Barefoot in the wilderness
in search of understanding

Becoming extreme

There was a piece on BBC Radio 4’s Today programme this morning discussing a survey of young Muslims in Britain. The survey found that the younger people in the Muslim Britain are more “radical” than their older fellows, and more likely to have a “politicised” view of their religion – they’re more likely to support Sharia law, the wearing of the veil and even the actions of groups like Al Qaeda.

What struck me was this – that the young are always more “radical” than their elders, more excitable, more prone to simplistic answers to complex questions. This point was raised by the interviewer, but wasn’t really dealt with. The tone was rather that there’s something unexpected going on here, that there’s something wrong that needs fixing. And what was even stranger was the cause to which this problem was attributed – multiculturalism. The suggestion was that the presence of many cultures in Britain was making the young more insular and extreme. And this seems nonsensical to me.

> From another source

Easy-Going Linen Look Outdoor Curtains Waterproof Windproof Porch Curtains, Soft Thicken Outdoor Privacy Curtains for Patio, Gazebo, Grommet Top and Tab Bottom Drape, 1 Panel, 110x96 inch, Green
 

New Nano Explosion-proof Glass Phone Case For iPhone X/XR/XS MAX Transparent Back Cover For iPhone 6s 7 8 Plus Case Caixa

If we want to look for an answer to the question of why young British Muslims are turning away from the modern liberal society towards a vision of their own (an answer beyond the tendencies of the young I discussed above), surely the first place we need to look is at the failure of that very society that they are rejecting. Modern liberal secular democracy is not a shining beacon of hope. It is a bastion of power held by the rich over the poor. It enshrines centralised power with a sham of voting every few years that changes almost nothing, as politicians push their own agendas, which have nothing in common with the concerns of most people in their countries. It elevates hypocrisy and self-interest to hitherto unknown levels.

And it is starting to come unravelled. The hard-won liberties of person and community are being eroded and ignored as our governmentsemphasise spin and deception over principle, as they award themselves more and more power with less and less oversight, as they institutionalise the use of torture of and spying on their own subjects and foreigners.

Is it any wonder that people turn away in search of something better? All this says to me is that our society desperately needs to recover a vision of what it is, and why it is, and how it can be restored.